Task material:
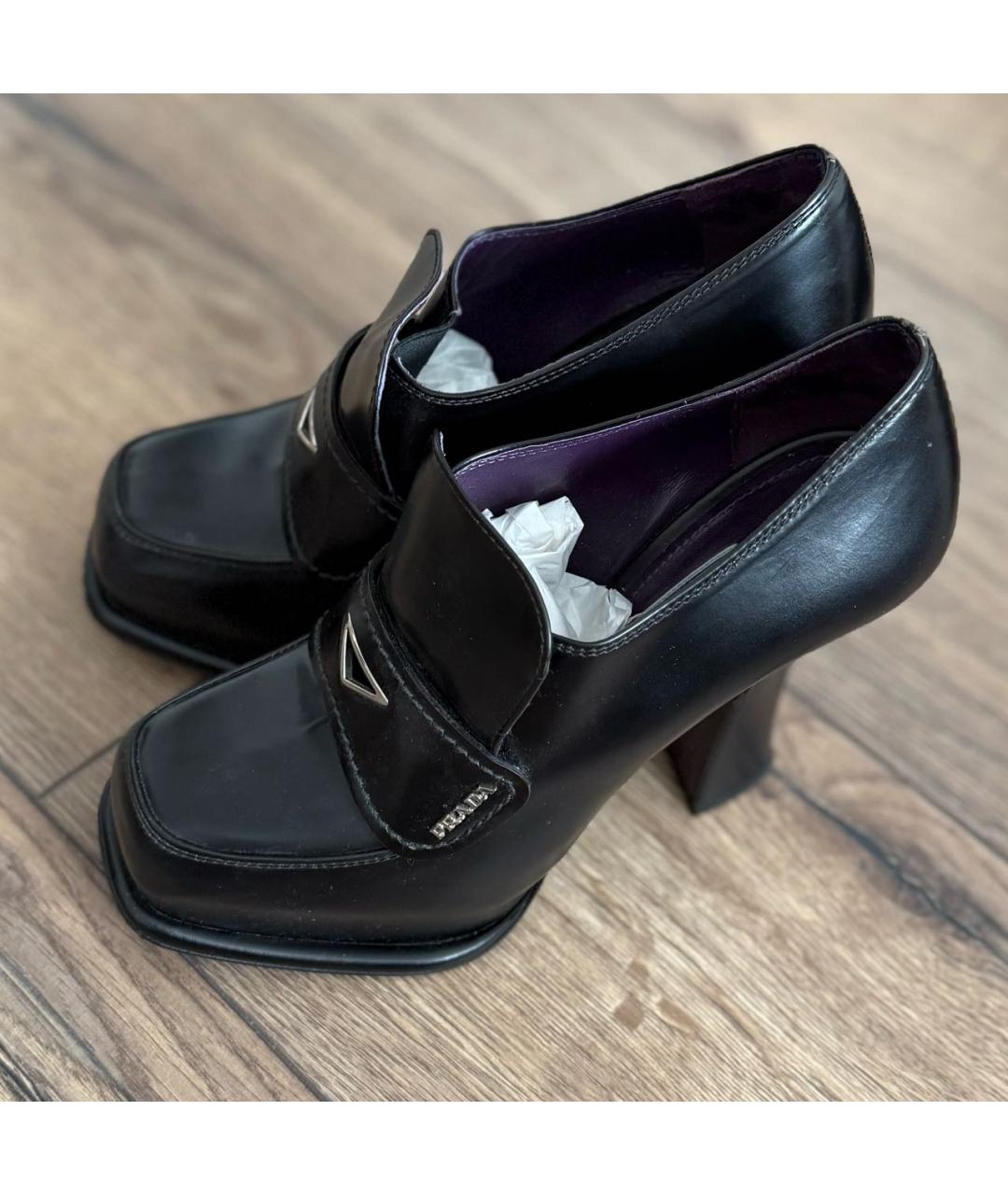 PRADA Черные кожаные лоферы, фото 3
...
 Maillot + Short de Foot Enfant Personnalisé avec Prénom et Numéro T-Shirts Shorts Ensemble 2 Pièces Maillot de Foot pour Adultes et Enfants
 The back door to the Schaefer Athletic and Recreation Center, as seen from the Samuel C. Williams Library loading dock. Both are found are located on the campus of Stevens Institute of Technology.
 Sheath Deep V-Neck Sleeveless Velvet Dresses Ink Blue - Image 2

Directions: In the entries above, the lines from the one bearing "The back door" up to and including the one bearing "Sheath Deep V-Neck" should be transcribed exactly; no other line is wanted.

Finished exercise:
 The back door to the Schaefer Athletic and Recreation Center, as seen from the Samuel C. Williams Library loading dock. Both are found are located on the campus of Stevens Institute of Technology.
 Sheath Deep V-Neck Sleeveless Velvet Dresses Ink Blue - Image 2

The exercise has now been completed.